DEADLINE: Much has been made of the strides made here by an African American female director. As that person, what obstacle did you overcome that made you proud?

DUVERNAY: For me, it was the jump. My last film was two hundred thousand dollars; this is a 20 million dollar film. Now, in the studio world, that’s nothing, but moving from that very indie world to this was fantastic, because it just really enlarged my imagination. I think there’s something about making a small film that’s beautiful. I never had a desire to make a bigger film and I thought if I could just make a small one a year and be the black Lynn Shelton, I’d be happy. But this has really opened things up to the possibilities of telling more intimate and ambitious stories. So often, independent films are people talking in a room. To get past that and be more imaginative in terms of what we can do as women filmmakers and independent filmmakers. It’s not really based on money, it’s more about allowing our imaginations to move outside these rooms that we put ourselves in when we don’t have money. Just to have been given the tools and the opportunity to sit and write and to really just roam in your mind, and to be able to actually execute here, that was just such a gift as an artist that a lot of people don’t get. This was an amazing, amazing experience. I don’t know what I’ll make next, but I know I’m forever changed by making this.

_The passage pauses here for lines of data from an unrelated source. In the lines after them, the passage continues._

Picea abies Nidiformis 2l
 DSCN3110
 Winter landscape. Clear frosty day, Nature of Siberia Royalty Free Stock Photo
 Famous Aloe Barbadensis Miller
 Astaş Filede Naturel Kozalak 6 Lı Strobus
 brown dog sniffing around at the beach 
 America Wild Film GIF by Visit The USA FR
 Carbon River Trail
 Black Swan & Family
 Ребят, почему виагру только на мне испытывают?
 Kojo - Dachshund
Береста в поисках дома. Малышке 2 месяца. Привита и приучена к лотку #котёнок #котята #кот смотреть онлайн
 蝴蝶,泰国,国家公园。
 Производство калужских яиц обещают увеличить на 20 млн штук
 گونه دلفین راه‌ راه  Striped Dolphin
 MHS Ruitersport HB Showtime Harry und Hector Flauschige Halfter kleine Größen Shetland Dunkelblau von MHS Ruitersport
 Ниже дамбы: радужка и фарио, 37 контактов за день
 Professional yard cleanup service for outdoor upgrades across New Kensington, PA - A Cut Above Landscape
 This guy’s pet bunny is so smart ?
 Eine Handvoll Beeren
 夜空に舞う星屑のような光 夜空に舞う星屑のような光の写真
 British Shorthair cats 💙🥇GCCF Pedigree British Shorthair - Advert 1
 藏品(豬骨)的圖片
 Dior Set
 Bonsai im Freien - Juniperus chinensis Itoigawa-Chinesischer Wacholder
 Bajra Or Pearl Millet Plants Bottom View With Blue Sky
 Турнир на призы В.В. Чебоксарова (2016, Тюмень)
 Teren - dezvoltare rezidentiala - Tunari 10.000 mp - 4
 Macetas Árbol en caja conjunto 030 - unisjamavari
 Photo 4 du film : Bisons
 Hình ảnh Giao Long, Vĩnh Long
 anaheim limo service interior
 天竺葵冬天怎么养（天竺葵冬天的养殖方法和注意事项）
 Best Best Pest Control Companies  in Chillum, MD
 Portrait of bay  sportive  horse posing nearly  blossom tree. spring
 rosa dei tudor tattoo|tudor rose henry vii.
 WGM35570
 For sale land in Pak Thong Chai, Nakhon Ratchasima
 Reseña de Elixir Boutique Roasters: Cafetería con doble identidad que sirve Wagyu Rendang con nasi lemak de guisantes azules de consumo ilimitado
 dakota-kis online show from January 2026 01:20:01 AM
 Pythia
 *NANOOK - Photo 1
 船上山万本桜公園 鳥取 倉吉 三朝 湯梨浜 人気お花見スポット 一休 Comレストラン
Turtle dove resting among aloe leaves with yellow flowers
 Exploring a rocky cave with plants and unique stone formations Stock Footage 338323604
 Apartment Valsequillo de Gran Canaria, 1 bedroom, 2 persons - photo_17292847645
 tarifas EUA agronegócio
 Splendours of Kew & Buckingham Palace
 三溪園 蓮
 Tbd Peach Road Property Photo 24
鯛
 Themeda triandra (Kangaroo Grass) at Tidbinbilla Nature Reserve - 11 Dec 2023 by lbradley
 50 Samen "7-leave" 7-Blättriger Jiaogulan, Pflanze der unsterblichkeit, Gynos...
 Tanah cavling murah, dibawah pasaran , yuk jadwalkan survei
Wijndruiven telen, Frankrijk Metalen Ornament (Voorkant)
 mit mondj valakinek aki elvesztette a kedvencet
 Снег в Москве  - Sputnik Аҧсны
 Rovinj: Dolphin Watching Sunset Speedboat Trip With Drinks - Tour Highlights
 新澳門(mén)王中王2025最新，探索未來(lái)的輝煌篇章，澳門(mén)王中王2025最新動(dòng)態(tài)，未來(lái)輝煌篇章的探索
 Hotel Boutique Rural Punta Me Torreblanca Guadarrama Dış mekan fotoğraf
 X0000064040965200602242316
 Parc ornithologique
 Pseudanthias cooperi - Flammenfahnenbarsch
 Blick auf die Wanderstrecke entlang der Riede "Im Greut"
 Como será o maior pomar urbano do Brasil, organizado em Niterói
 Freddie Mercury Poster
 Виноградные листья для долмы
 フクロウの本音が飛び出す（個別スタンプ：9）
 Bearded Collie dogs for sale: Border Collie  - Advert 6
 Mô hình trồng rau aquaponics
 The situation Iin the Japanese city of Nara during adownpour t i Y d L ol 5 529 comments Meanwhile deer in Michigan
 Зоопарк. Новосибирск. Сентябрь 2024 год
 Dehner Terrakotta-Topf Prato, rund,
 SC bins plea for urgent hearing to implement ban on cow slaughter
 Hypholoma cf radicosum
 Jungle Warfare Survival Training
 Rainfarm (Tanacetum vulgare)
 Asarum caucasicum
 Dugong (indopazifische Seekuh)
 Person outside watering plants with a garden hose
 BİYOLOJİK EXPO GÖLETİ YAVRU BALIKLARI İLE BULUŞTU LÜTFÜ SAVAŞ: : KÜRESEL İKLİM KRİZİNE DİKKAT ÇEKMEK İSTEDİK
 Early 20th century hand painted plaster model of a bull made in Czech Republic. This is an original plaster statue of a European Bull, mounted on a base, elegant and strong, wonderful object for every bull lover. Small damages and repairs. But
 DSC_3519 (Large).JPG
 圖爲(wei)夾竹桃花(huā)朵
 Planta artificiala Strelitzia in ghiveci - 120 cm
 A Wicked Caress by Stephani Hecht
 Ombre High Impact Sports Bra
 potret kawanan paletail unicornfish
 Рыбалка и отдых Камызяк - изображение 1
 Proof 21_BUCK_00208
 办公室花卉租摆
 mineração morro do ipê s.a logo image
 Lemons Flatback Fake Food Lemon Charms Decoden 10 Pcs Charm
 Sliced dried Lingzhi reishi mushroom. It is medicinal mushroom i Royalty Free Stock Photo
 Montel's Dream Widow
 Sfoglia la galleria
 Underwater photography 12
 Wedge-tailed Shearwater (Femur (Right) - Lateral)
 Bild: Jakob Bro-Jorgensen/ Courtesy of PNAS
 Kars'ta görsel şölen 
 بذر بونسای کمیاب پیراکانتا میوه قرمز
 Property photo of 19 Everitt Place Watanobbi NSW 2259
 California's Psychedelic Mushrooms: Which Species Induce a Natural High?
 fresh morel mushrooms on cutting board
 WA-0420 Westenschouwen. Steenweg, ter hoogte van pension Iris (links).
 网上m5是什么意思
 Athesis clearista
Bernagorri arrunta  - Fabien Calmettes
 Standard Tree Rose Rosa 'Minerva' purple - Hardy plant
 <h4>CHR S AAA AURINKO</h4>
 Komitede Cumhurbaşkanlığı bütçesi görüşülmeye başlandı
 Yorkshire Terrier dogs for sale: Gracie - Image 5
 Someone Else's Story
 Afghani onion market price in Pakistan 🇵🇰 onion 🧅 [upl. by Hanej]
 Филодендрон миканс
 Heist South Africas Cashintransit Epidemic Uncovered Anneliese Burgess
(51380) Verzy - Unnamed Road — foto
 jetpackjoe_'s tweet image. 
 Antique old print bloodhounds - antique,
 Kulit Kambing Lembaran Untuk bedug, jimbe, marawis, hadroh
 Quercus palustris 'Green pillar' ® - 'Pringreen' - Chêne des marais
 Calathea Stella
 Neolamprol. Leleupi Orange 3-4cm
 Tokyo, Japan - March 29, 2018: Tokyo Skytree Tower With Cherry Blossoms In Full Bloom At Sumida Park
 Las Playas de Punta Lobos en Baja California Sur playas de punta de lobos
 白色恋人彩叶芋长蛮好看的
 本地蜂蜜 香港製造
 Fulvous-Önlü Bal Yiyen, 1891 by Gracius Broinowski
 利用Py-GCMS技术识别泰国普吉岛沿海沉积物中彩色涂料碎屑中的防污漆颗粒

DEADLINE: You’ve said that after your Sundance success, the phone didn’t ring. How about now?

DUVERNAY: Oh, yeah. Big time. Some of my male counterparts were able to make the jump from indie faster, but I believe everything happens at a time, just as part of me believes there’s a reason why this film wasn’t made for 50 years. Look at this cultural moment that we’re in, all this unrest happening and for this film to drop right now and how it gets the conversation going. It’s the same for me. For whatever reason, it didn’t happen after Sundance, but it’s happening for me now and I am so happy.